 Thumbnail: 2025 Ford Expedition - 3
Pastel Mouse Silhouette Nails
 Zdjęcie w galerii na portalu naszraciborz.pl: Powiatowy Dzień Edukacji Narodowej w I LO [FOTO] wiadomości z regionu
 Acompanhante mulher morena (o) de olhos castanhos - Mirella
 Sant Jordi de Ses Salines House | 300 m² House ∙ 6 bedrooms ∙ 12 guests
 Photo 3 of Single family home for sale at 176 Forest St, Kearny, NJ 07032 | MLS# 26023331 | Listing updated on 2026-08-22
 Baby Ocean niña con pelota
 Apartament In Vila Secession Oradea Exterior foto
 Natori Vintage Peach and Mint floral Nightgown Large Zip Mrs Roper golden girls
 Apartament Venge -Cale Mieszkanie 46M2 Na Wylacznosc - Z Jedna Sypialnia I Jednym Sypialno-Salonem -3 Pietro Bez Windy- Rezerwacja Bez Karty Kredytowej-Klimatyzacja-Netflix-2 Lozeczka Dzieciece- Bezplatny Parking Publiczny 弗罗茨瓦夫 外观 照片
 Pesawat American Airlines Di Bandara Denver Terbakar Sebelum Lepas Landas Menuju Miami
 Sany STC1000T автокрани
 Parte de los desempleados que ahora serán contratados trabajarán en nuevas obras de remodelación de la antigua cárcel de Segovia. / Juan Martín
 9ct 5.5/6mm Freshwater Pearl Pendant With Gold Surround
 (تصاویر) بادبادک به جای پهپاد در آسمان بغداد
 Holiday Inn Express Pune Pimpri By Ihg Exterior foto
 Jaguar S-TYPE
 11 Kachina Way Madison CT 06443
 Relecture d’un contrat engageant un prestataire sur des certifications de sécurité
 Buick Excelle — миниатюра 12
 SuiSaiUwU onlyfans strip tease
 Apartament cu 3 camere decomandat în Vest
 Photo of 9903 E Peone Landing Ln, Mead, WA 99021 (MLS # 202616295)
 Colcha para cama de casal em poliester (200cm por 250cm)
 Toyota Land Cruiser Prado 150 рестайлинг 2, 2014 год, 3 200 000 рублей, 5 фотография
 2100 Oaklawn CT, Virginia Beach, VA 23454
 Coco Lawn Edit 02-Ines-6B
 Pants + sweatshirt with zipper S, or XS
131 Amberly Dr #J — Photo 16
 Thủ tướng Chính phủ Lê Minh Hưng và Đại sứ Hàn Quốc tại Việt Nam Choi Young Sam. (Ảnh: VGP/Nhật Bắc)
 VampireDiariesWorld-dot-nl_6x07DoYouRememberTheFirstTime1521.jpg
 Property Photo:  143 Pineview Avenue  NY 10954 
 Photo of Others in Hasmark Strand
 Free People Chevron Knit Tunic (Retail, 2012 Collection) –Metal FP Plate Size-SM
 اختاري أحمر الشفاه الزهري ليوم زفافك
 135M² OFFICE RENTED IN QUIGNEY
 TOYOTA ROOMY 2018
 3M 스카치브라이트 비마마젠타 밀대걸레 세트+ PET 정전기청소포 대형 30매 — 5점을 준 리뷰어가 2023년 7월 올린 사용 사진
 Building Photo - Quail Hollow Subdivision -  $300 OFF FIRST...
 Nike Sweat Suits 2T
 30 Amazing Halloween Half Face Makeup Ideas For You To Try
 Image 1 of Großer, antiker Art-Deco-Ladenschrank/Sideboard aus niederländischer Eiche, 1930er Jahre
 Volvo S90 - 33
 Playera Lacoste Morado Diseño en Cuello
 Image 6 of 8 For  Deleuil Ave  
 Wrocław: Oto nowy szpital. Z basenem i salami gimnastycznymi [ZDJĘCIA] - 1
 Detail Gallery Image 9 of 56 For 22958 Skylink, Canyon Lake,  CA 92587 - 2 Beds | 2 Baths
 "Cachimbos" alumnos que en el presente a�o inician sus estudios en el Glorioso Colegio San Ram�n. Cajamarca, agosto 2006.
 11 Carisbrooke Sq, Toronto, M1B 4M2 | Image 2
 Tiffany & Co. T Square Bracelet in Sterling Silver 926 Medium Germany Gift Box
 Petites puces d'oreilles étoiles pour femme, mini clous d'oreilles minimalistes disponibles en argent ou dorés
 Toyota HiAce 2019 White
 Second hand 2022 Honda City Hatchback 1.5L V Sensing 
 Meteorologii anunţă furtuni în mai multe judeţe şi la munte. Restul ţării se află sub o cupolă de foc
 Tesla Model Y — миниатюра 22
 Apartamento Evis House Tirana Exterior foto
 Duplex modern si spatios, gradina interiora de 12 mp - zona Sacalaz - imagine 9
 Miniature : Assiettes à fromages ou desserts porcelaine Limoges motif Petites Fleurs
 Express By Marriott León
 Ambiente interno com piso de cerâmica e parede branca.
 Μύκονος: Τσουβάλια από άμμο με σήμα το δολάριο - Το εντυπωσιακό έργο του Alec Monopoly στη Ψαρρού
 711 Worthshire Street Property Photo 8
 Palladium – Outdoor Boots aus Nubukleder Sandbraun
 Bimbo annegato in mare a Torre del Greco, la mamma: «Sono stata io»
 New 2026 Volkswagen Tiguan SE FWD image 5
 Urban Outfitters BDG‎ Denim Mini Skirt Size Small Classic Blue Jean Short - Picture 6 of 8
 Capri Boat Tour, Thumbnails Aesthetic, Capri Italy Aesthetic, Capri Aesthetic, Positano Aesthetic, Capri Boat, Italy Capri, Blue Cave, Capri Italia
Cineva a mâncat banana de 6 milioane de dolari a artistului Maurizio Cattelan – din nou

________________

◆ **Goal of the exercise**
Reprint the whole listing above exactly.

◆ **Task solution**
 Thumbnail: 2025 Ford Expedition - 3
Pastel Mouse Silhouette Nails
 Zdjęcie w galerii na portalu naszraciborz.pl: Powiatowy Dzień Edukacji Narodowej w I LO [FOTO] wiadomości z regionu
 Acompanhante mulher morena (o) de olhos castanhos - Mirella
 Sant Jordi de Ses Salines House | 300 m² House ∙ 6 bedrooms ∙ 12 guests
 Photo 3 of Single family home for sale at 176 Forest St, Kearny, NJ 07032 | MLS# 26023331 | Listing updated on 2026-08-22
 Baby Ocean niña con pelota
 Apartament In Vila Secession Oradea Exterior foto
 Natori Vintage Peach and Mint floral Nightgown Large Zip Mrs Roper golden girls
 Apartament Venge -Cale Mieszkanie 46M2 Na Wylacznosc - Z Jedna Sypialnia I Jednym Sypialno-Salonem -3 Pietro Bez Windy- Rezerwacja Bez Karty Kredytowej-Klimatyzacja-Netflix-2 Lozeczka Dzieciece- Bezplatny Parking Publiczny 弗罗茨瓦夫 外观 照片
 Pesawat American Airlines Di Bandara Denver Terbakar Sebelum Lepas Landas Menuju Miami
 Sany STC1000T автокрани
 Parte de los desempleados que ahora serán contratados trabajarán en nuevas obras de remodelación de la antigua cárcel de Segovia. / Juan Martín
 9ct 5.5/6mm Freshwater Pearl Pendant With Gold Surround
 (تصاویر) بادبادک به جای پهپاد در آسمان بغداد
 Holiday Inn Express Pune Pimpri By Ihg Exterior foto
 Jaguar S-TYPE
 11 Kachina Way Madison CT 06443
 Relecture d’un contrat engageant un prestataire sur des certifications de sécurité
 Buick Excelle — миниатюра 12
 SuiSaiUwU onlyfans strip tease
 Apartament cu 3 camere decomandat în Vest
 Photo of 9903 E Peone Landing Ln, Mead, WA 99021 (MLS # 202616295)
 Colcha para cama de casal em poliester (200cm por 250cm)
 Toyota Land Cruiser Prado 150 рестайлинг 2, 2014 год, 3 200 000 рублей, 5 фотография
 2100 Oaklawn CT, Virginia Beach, VA 23454
 Coco Lawn Edit 02-Ines-6B
 Pants + sweatshirt with zipper S, or XS
131 Amberly Dr #J — Photo 16
 Thủ tướng Chính phủ Lê Minh Hưng và Đại sứ Hàn Quốc tại Việt Nam Choi Young Sam. (Ảnh: VGP/Nhật Bắc)
 VampireDiariesWorld-dot-nl_6x07DoYouRememberTheFirstTime1521.jpg
 Property Photo:  143 Pineview Avenue  NY 10954 
 Photo of Others in Hasmark Strand
 Free People Chevron Knit Tunic (Retail, 2012 Collection) –Metal FP Plate Size-SM
 اختاري أحمر الشفاه الزهري ليوم زفافك
 135M² OFFICE RENTED IN QUIGNEY
 TOYOTA ROOMY 2018
 3M 스카치브라이트 비마마젠타 밀대걸레 세트+ PET 정전기청소포 대형 30매 — 5점을 준 리뷰어가 2023년 7월 올린 사용 사진
 Building Photo - Quail Hollow Subdivision -  $300 OFF FIRST...
 Nike Sweat Suits 2T
 30 Amazing Halloween Half Face Makeup Ideas For You To Try
 Image 1 of Großer, antiker Art-Deco-Ladenschrank/Sideboard aus niederländischer Eiche, 1930er Jahre
 Volvo S90 - 33
 Playera Lacoste Morado Diseño en Cuello
 Image 6 of 8 For  Deleuil Ave  
 Wrocław: Oto nowy szpital. Z basenem i salami gimnastycznymi [ZDJĘCIA] - 1
 Detail Gallery Image 9 of 56 For 22958 Skylink, Canyon Lake,  CA 92587 - 2 Beds | 2 Baths
 "Cachimbos" alumnos que en el presente a�o inician sus estudios en el Glorioso Colegio San Ram�n. Cajamarca, agosto 2006.
 11 Carisbrooke Sq, Toronto, M1B 4M2 | Image 2
 Tiffany & Co. T Square Bracelet in Sterling Silver 926 Medium Germany Gift Box
 Petites puces d'oreilles étoiles pour femme, mini clous d'oreilles minimalistes disponibles en argent ou dorés
 Toyota HiAce 2019 White
 Second hand 2022 Honda City Hatchback 1.5L V Sensing 
 Meteorologii anunţă furtuni în mai multe judeţe şi la munte. Restul ţării se află sub o cupolă de foc
 Tesla Model Y — миниатюра 22
 Apartamento Evis House Tirana Exterior foto
 Duplex modern si spatios, gradina interiora de 12 mp - zona Sacalaz - imagine 9
 Miniature : Assiettes à fromages ou desserts porcelaine Limoges motif Petites Fleurs
 Express By Marriott León
 Ambiente interno com piso de cerâmica e parede branca.
 Μύκονος: Τσουβάλια από άμμο με σήμα το δολάριο - Το εντυπωσιακό έργο του Alec Monopoly στη Ψαρρού
 711 Worthshire Street Property Photo 8
 Palladium – Outdoor Boots aus Nubukleder Sandbraun
 Bimbo annegato in mare a Torre del Greco, la mamma: «Sono stata io»
 New 2026 Volkswagen Tiguan SE FWD image 5
 Urban Outfitters BDG‎ Denim Mini Skirt Size Small Classic Blue Jean Short - Picture 6 of 8
 Capri Boat Tour, Thumbnails Aesthetic, Capri Italy Aesthetic, Capri Aesthetic, Positano Aesthetic, Capri Boat, Italy Capri, Blue Cave, Capri Italia
Cineva a mâncat banana de 6 milioane de dolari a artistului Maurizio Cattelan – din nou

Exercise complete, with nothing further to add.